----- Given data
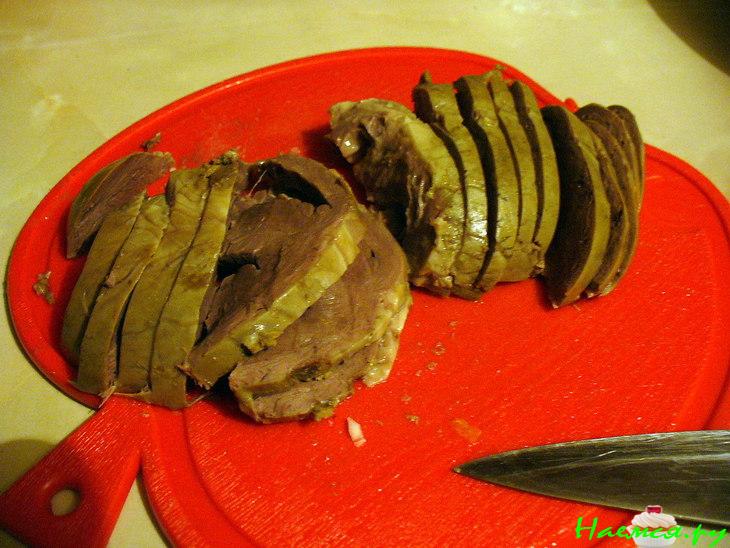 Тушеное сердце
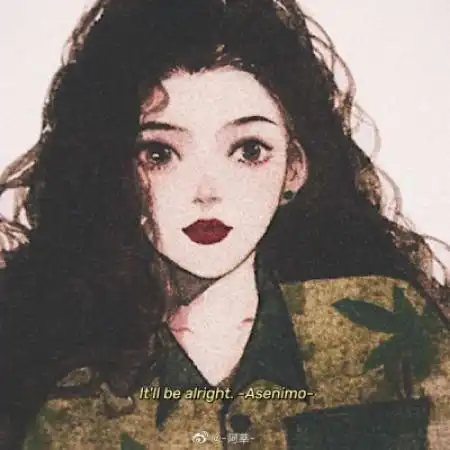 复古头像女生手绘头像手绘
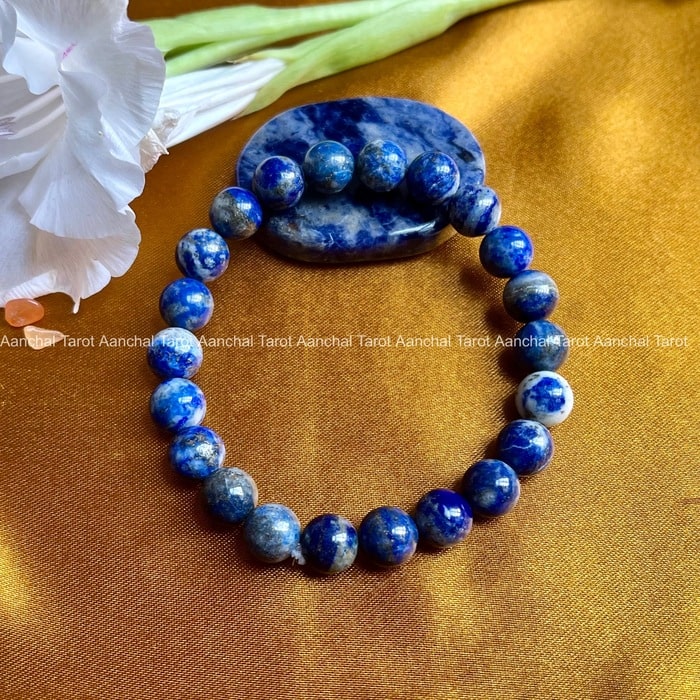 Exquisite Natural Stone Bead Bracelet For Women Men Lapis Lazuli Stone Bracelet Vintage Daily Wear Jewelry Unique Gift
----------
Description of the task :: Leave out the pictures; repeat the data exactly.

Written solution ::
 Тушеное сердце
 复古头像女生手绘头像手绘
 Exquisite Natural Stone Bead Bracelet For Women Men Lapis Lazuli Stone Bracelet Vintage Daily Wear Jewelry Unique Gift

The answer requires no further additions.